大規模マルチ倉庫を1つのイメージで言えば、1万~2万坪という敷地面積に1階層当たり2000~4000平米超の倉庫スペースが、5~6階層積み上がった賃貸物流倉庫。各階層にはランプウェイと呼ばれるループ型の入出庫道路が整備され、エレベーターを使わずに平屋倉庫のような使い方が可能だ。延床面積は約15万~20万平米に達するわけで、ベタな比較で恐縮だが約4万7000平米の東京ドームが3、4個分積み上がった計算になる。
各階にはテナント方式でメーカー系から通販業者、3PL(サード・パーティ・ロジスティックス)と呼ばれる物流業者などが賃貸契約を結び、複数階層の借り切りや必要なスペースの区画を賃借する。暗い、狭いという従来の倉庫の概念を覆す開放型で福利厚生施設も完備した文字通りのマンション仕様なのだ。

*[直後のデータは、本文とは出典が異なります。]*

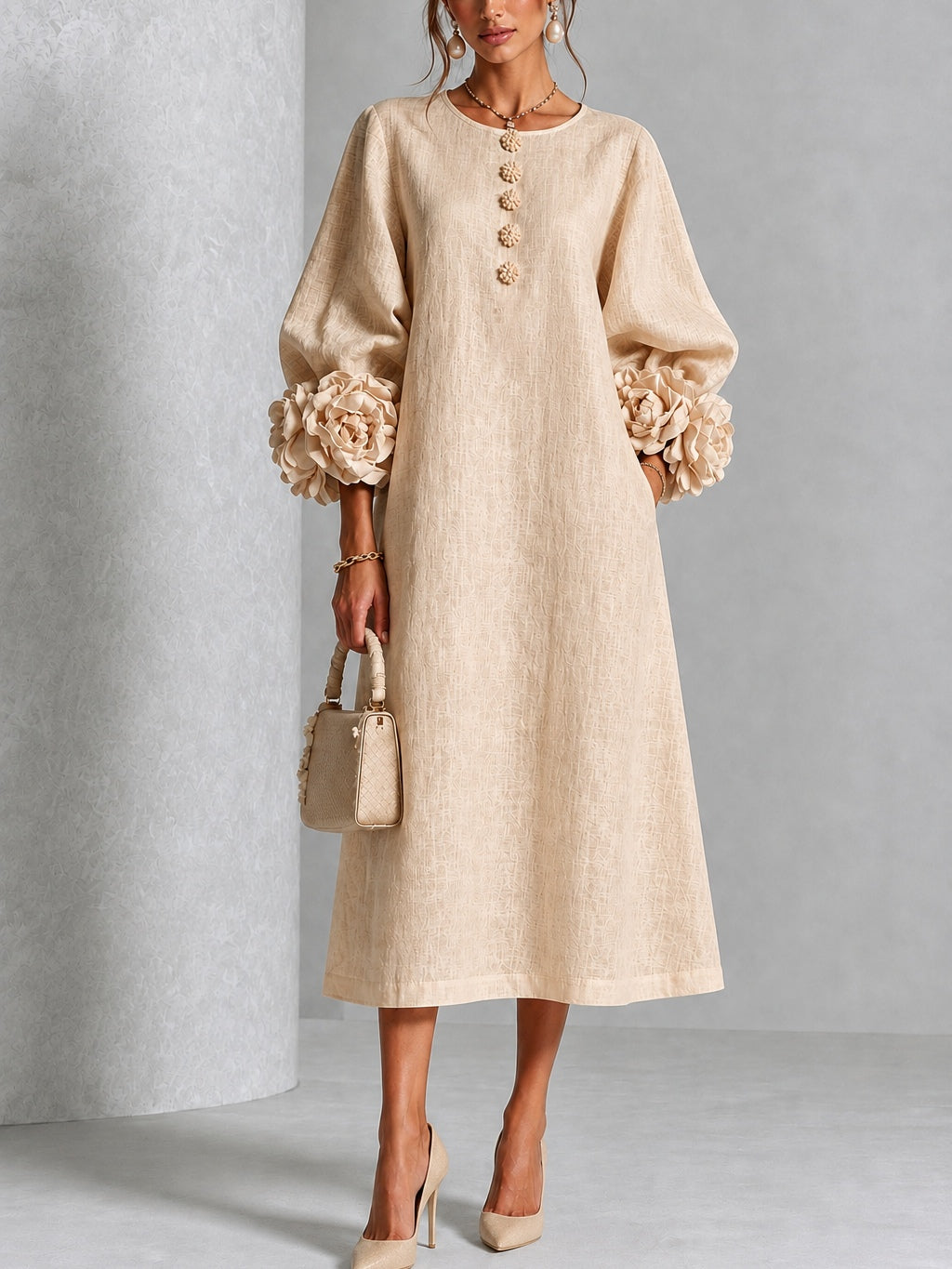Rosanne | Rosette-cuff midi dress 1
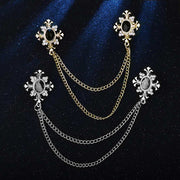 Decorative Jewel Chain Double Men's Brooch Gold With Black Stone Display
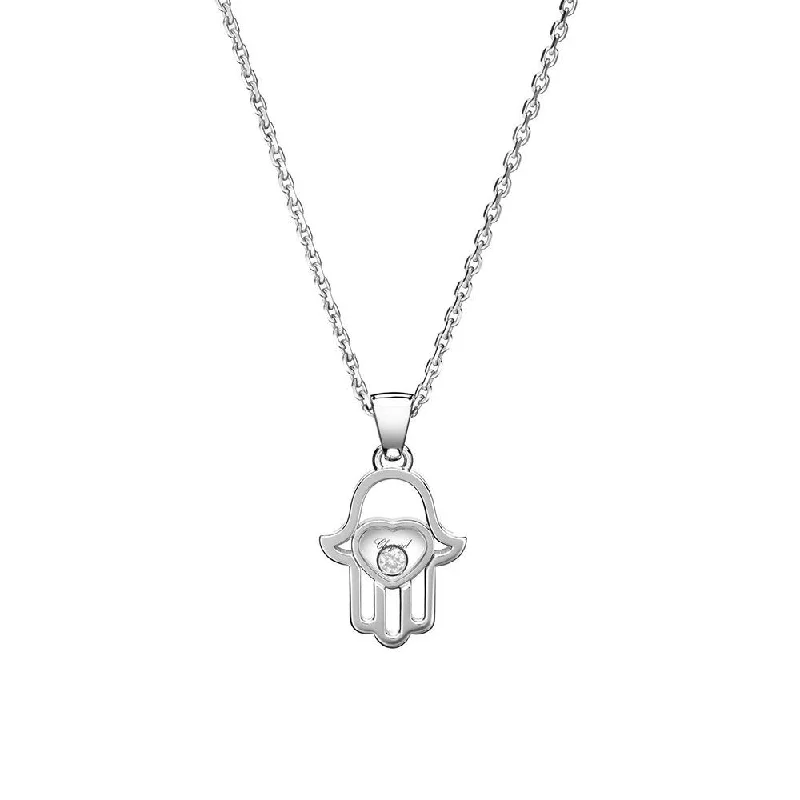 Large Pendant Necklace with Silver Chain-18Kt. White Gold Hand Of Fatima Hamsa Pendant Necklace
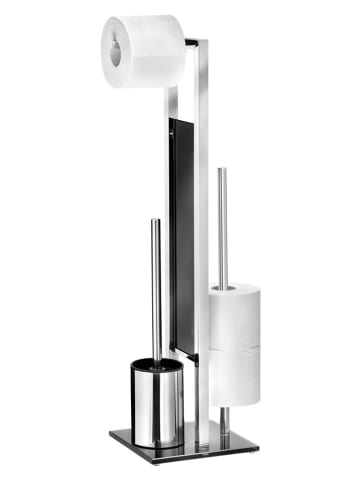 Wenko Toiletborstelgarnituur "Rivalta" zilverkleurig - (H)70 cm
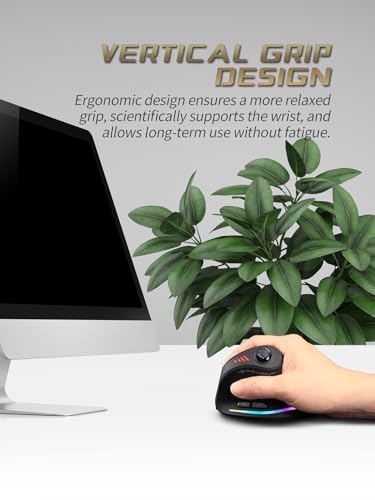 Image of Zeerkeer Ergonomic Vertical Mouse with 5D Rocker, 24000 DPI /12 Programmable Button, Wireless Gaming Mouse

「一棟当たりの建設費用は、100億~200億円超」(物流外資)と倉庫にしては巨額な投資規模。90年代以降、大規模流通を手掛けてきたダイエー、イオンなどが建設する倉庫への投資額が数億から大きいもので十数億円の規模というから、その額がいかに巨額かがわかる。
「延床面積が1万坪以上のマルチ倉庫は全国で約70棟稼働しているが、その60%程度は外資所有」。事業用不動産データを保有するシービー・リチャードエリス総合研究所の鈴木公二・シニアコンサルタントは、大規模マルチ倉庫の多くが外資系の所有と明かす。同社のリサーチによれば、約70棟の大型マルチ倉庫の内、首都圏には48棟が集中。その他は関西圏に12棟、中部圏に4棟と大規模消費地に近接している。こうしたロケーションには、入居企業のさまざまな事情が反映されている。